++++ MATERIAL PROVIDED ++++
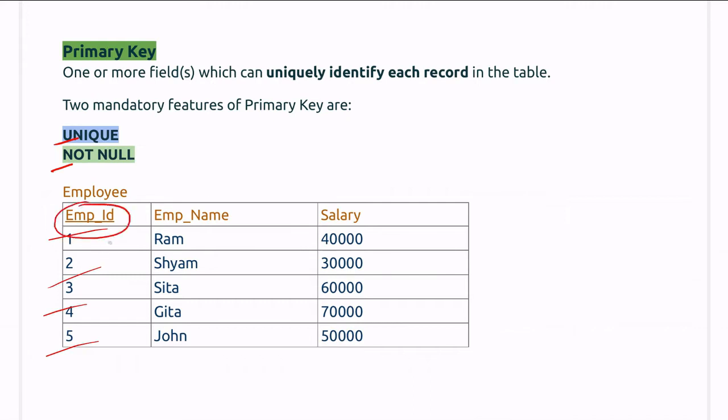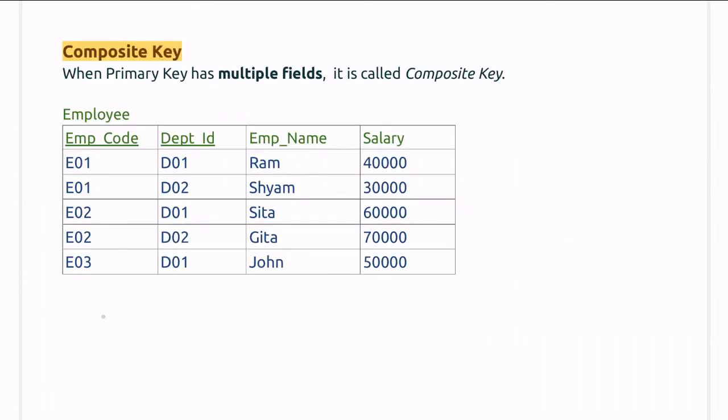Each value for this column or this field is unique. Now let's see composite key.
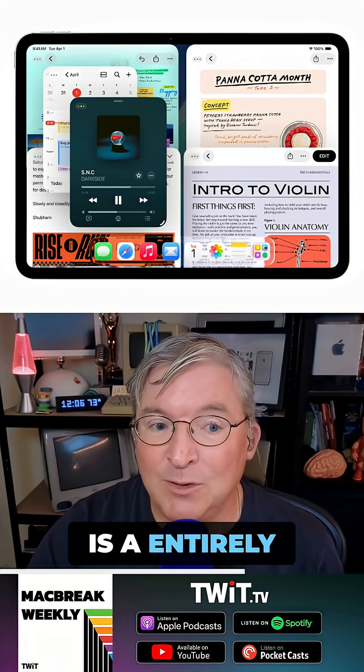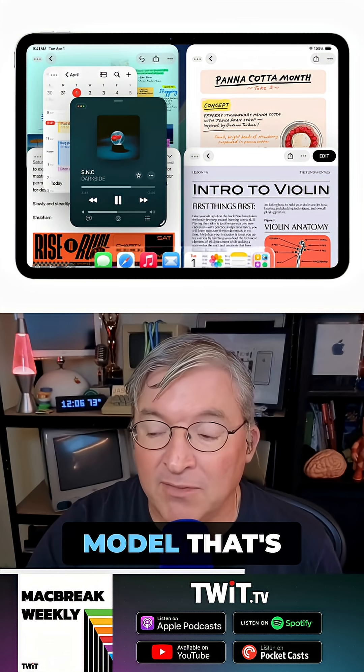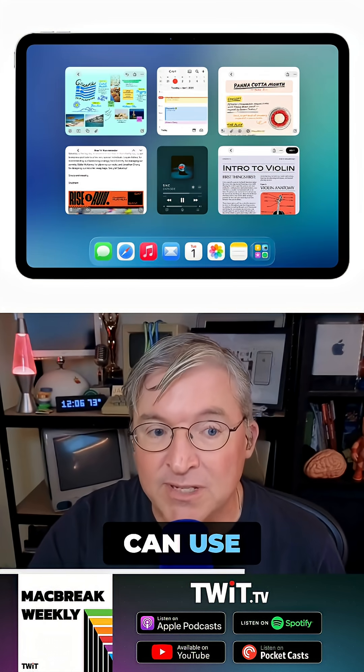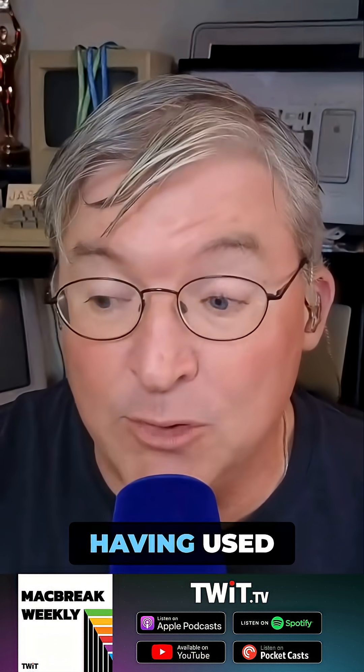They have an entirely new multi-windowing model that's inspired by the Mac, that can use modern Apple Silicon processors and the increase in RAM in the general environment that wasn't there before, and build something that works great. Having used it for a week, it works really, really well.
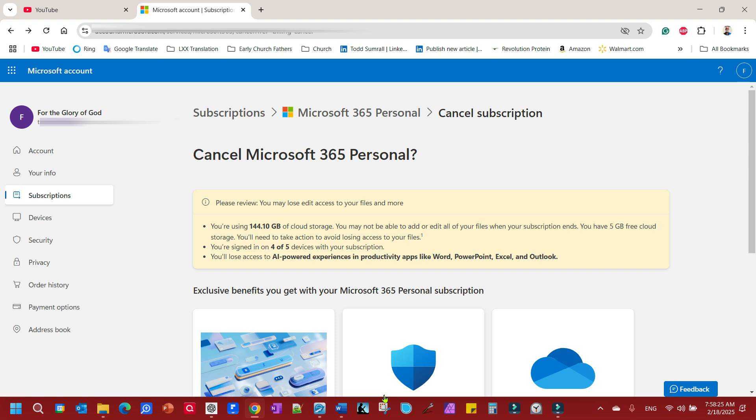But anyhow, you want to get rid of it? Want to get back to your $6.99? That's how you do it. And just keep in mind you're going to be stuck with Copilot until your next billing cycle.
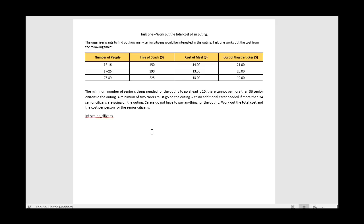So our four variables are: senior_citizens as an integer initialized to zero (you don't get half a senior citizen so no float needed), carers initialized to zero using meaningful names with no spaces, total_people initialized to zero, and cost as a float initialized to 0.0 since dividing values may produce decimals. We've now declared and initialized all four variables.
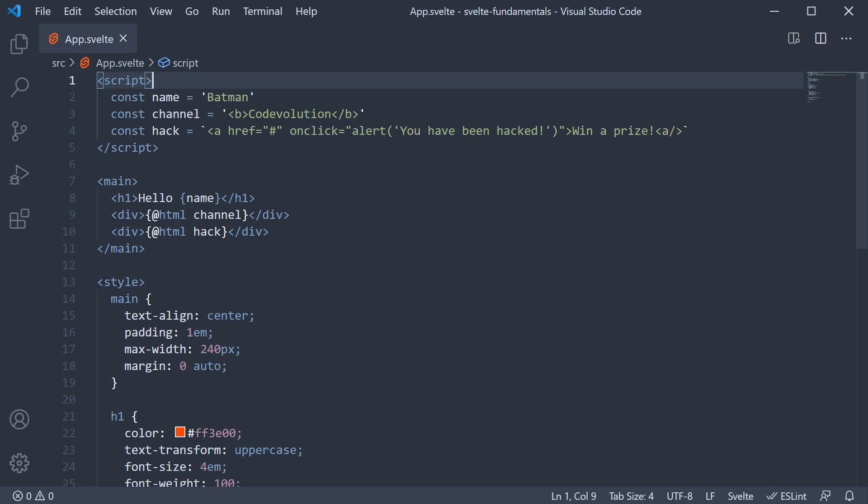In this video, let's take a look at dynamic attributes. In Svelte, it is possible to bind data to HTML attributes such as id, class, style, image source, and even boolean attributes such as disabled for an input element. The same curly braces we have learned about can be used for attribute binding as well.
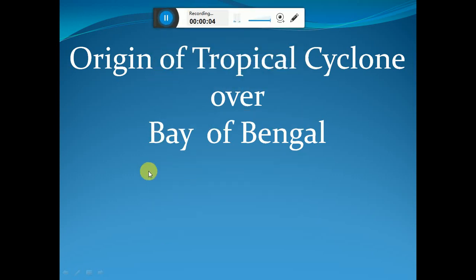The special topic selected for today's special lecture is the origin of tropical cyclones over the Bay of Bengal. There has always been a question about the comparison between the Bay of Bengal and the Arabian Sea — which sea is more prone to tropical cyclone formation. The Bay of Bengal is characterized by higher frequencies of tropical cyclone origination compared to the Arabian Sea. This lecture will discuss the causes and mechanisms of the origin of tropical cyclones over the Bay of Bengal.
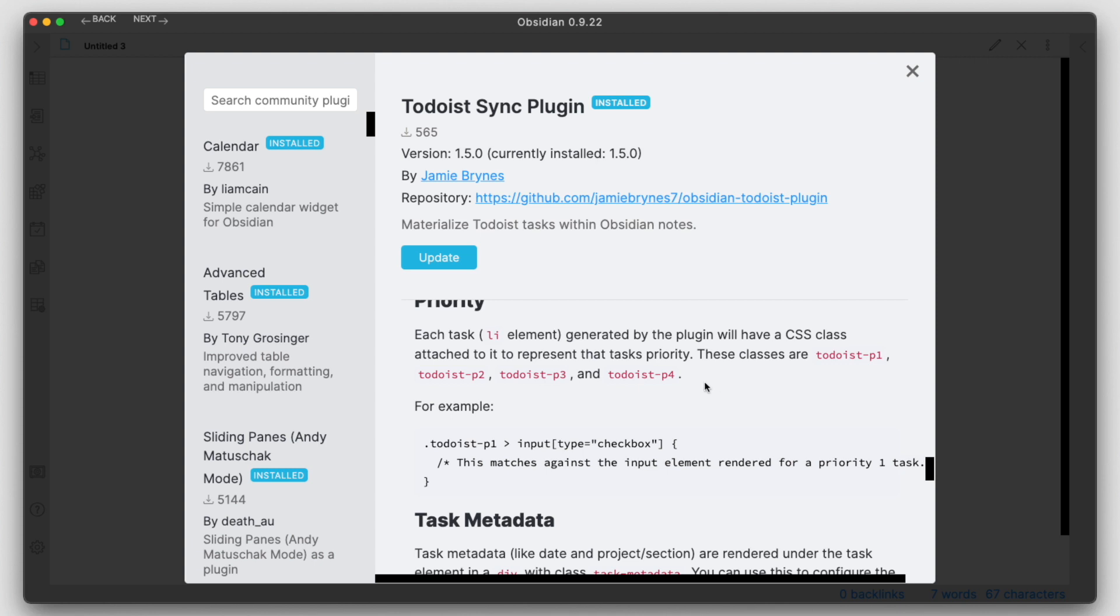That was the Todoist Sync plugin. If you found this video helpful, go ahead and like the video and subscribe to the channel. My name is Anton, and until the next time, have a nice day.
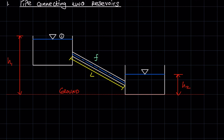The water level of the first reservoir is taken as point 1, and the water level of the second reservoir is taken as point 2, because that is where we have the most information. In typical problems considering frictional losses between two reservoirs connected by a pipe, we normally have the most information at the water levels of the two reservoirs.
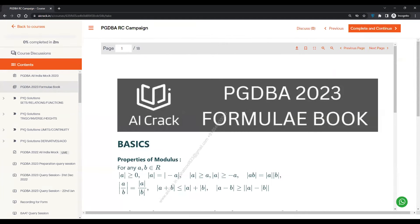So this is how you can access the formula book and the PGDBA 2023 All India Open Mock. My best wishes to everyone for the examination. Let's meet in the next video after the examination. Thanks for watching.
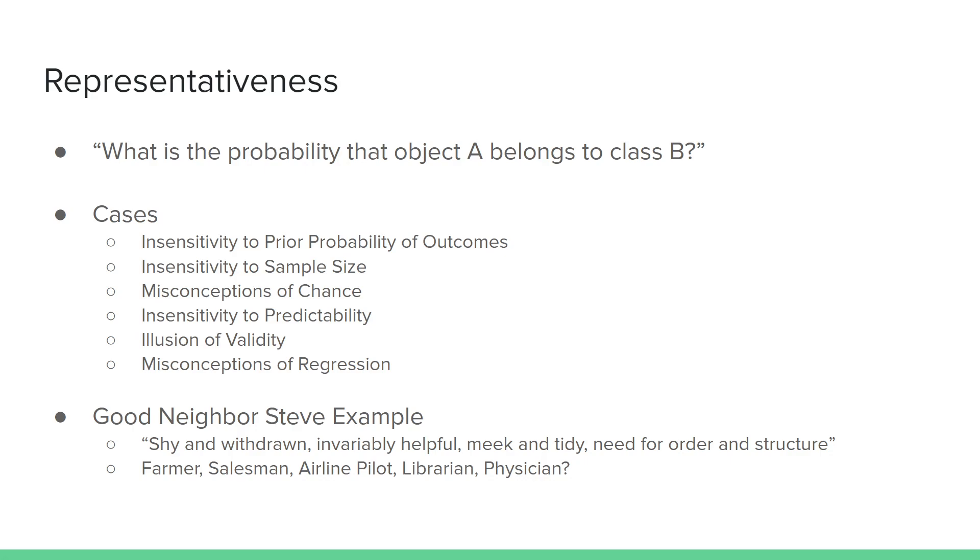One example that is given by the authors in the paper is of this good neighbor Steve. So if your good neighbor Steve is described as shy and withdrawn, invariably helpful, meek and tidy, has a need for order and structure, then you are asked, given that information, what do you think is a likely occupation for Steve? If you're like me, you would probably look at that description and say, between these five options, there's a good chance that he's a librarian.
++++
=== TASK ITEM ===
Copy exactly the lines from the first line of the records above through the line with "They have an", both included, and nothing else. Pictures stay out.

=== COMPLETED EXERCISE ===
Each value for this column or this field is unique. Now let's see composite key.
They have an entirely new multi-windowing model that's inspired by the Mac, that can use modern Apple Silicon processors and the increase in RAM in the general environment that wasn't there before, and build something that works great. Having used it for a week, it works really, really well.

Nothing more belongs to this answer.